Zhenyu (Alister) Liao, PhD candidate
David R. Cheriton School of Computer Science
Supervisor: Professor Peter van Beek
A Bayesian network (BN) is a probabilistic graphical model with applications in knowledge discovery and prediction. Its structure can be learned from data using the well-known score-and-search approach, where a scoring function is used to evaluate the fit of a proposed BN to the data in an unsupervised manner, and the space of directed acyclic graphs is searched for the best-scoring BNs. However, selecting a single model (i.e., the best-scoring BN) is often not the best choice. When one is learning a BN from limited data, selecting a single model may be misleading as there may be many other BNs that have scores that are close to optimal, and the posterior probability of even the best-scoring BN is often close to zero.
A more preferred alternative to committing to a single model is to perform some form of Bayesian or frequentist model averaging. A widely used data analysis methodology is to: (i) learn a set of plausible networks that fit the data, (ii) perform model averaging to obtain confidence measure for each edge, and (iii) select a threshold and report all edges with confidence higher than the threshold. In this manner, a representative network can be constructed from the edges that are deemed significant that can then be examined for probabilistic dependencies and possible cause-effect relations.
This thesis presents several improvements to Bayesian network structure learning that benefit the data analysis methodology. We propose a novel approach to model averaging inspired by performance guarantees in approximation algorithms. Our approach has two primary advantages. First, our approach only considers \emph{credible} models in that they are optimal or near-optimal in score. Second, our approach is more efficient and scales to significantly larger Bayesian networks than existing approaches.

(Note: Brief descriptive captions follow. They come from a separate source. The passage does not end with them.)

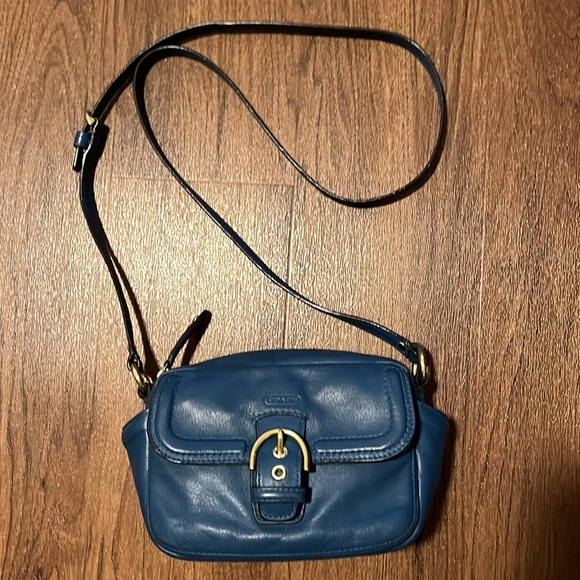 Rare Exclnt Vintage Coach Roomy Crossbody Medium Blue great with Jeans Casual. - Picture 9 of 14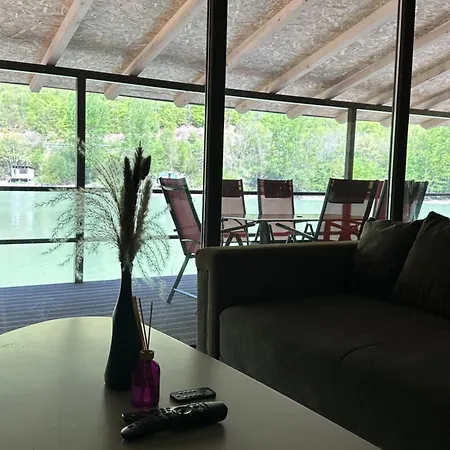 Pablo's Place Tatil Evi Rezine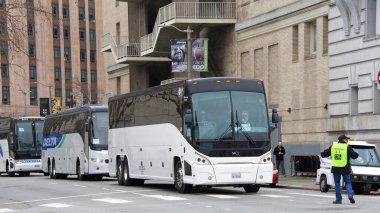 San Francisco, Ca - 25 Ocak 2020: 16. Yaşam Yürüyüşü mitingi ve yürüyüşü için yüzlerce katılımcıyı otobüsle Civic Center Plaza 'ya götürüyor. Polis trafiği yönlendiriyor.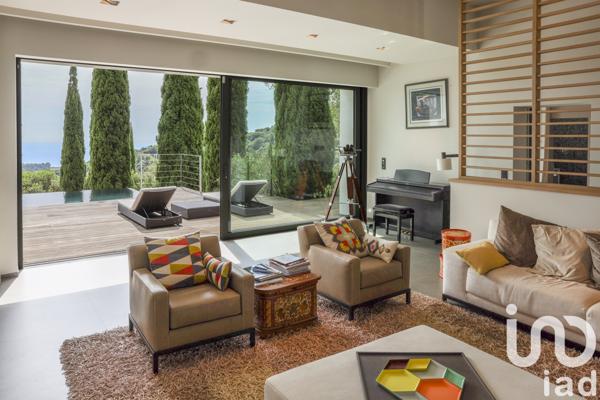 Maison à vendre 9 pièces 350 m² La Croix-Valmer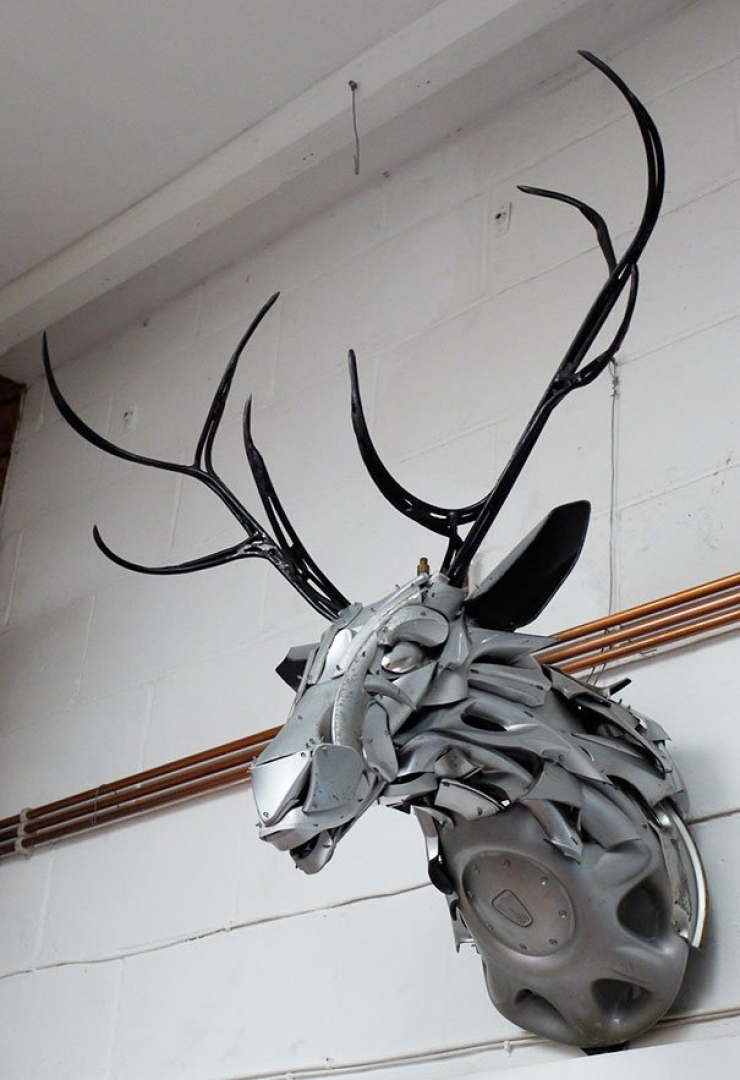 Illustration de l'article : Les enjoliveurs, cet artiste en fait des sculptures hors du commun. En voici 16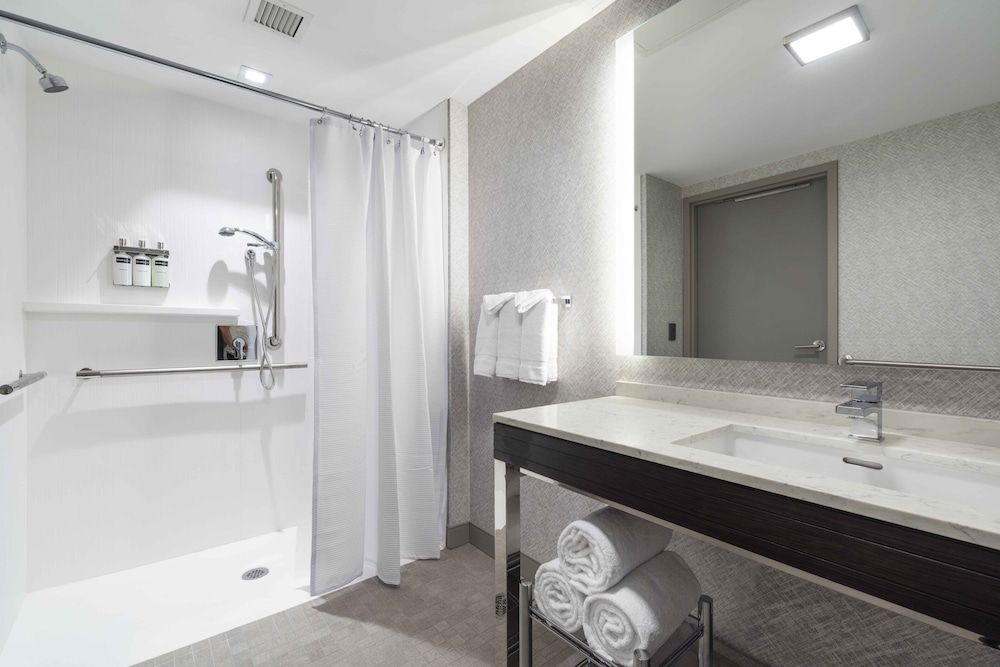 Suite, 1 Bedroom, Non Smoking, Corner (Mobility/Hearing Access, Roll-in Shwr)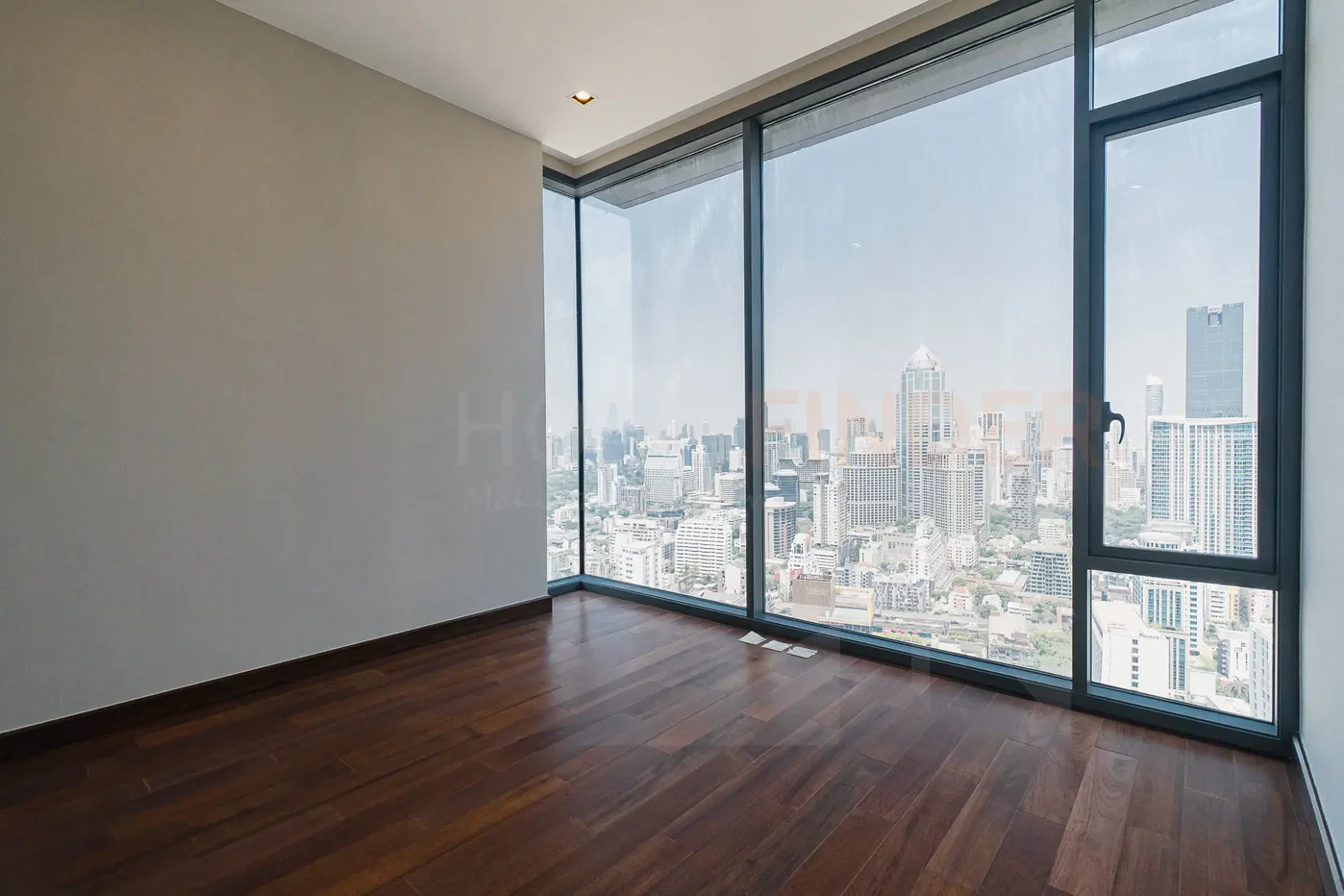 รูป Q1 Sukhumvit 4 bedrooms, for sale - รูปที่ 10/13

We empirically study a selection of widely used and also recently proposed scoring functions. We address design limitations of previous empirical studies by scaling our experiments to larger BNs, comparing on an extensive set of both ground truth BNs and real-world datasets, considering alternative performance metrics, and comparing scoring functions on two model averaging frameworks: the bootstrap and the credible set. Contrary to previous recommendations based on finding a single structure, we find that for model averaging the BDeu scoring function is the preferred choice in most scenarios for the bootstrap framework and a recent score qNML is the preferred choice for the credible set framework. We identify an important shortcoming in a widely used threshold selection method. We then propose a simple transfer learning approach for maximizing target metrics and selecting a threshold that can be generalized from proxy datasets to the target dataset and show on an extensive set of benchmarks that it can perform significantly better than previous approaches. We demonstrate via ensemble methods that combining results from multiple scores significantly improve both the bootstrap and the credible set approach on various metrics, and that combining all scores from both approaches still yields better results.